_Data for review:_
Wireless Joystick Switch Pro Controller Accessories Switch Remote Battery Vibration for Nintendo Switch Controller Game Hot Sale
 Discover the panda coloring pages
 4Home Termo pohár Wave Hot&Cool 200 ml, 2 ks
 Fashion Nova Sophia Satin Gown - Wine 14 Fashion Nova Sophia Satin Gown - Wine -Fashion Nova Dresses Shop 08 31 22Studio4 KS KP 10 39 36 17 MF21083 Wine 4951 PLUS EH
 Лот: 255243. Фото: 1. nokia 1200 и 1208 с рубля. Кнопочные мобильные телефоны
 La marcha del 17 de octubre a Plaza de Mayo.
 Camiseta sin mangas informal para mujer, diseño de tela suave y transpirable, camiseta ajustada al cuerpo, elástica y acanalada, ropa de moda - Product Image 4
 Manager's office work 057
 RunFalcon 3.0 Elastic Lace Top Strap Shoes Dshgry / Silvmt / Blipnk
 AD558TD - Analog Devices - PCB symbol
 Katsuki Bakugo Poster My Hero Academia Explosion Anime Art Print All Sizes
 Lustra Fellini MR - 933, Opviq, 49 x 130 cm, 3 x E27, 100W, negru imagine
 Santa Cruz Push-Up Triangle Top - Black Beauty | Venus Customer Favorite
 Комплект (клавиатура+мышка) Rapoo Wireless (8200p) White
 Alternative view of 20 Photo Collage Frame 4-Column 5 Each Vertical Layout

_Task item:_ Using the data above, reproduce exactly the lines from the line that contains "Discover the panda coloring pages" through the line that contains "La marcha del 17 de octubre a Plaza de Mayo.", including both.

_Written reply:_
 Discover the panda coloring pages
 4Home Termo pohár Wave Hot&Cool 200 ml, 2 ks
 Fashion Nova Sophia Satin Gown - Wine 14 Fashion Nova Sophia Satin Gown - Wine -Fashion Nova Dresses Shop 08 31 22Studio4 KS KP 10 39 36 17 MF21083 Wine 4951 PLUS EH
 Лот: 255243. Фото: 1. nokia 1200 и 1208 с рубля. Кнопочные мобильные телефоны
 La marcha del 17 de octubre a Plaza de Mayo.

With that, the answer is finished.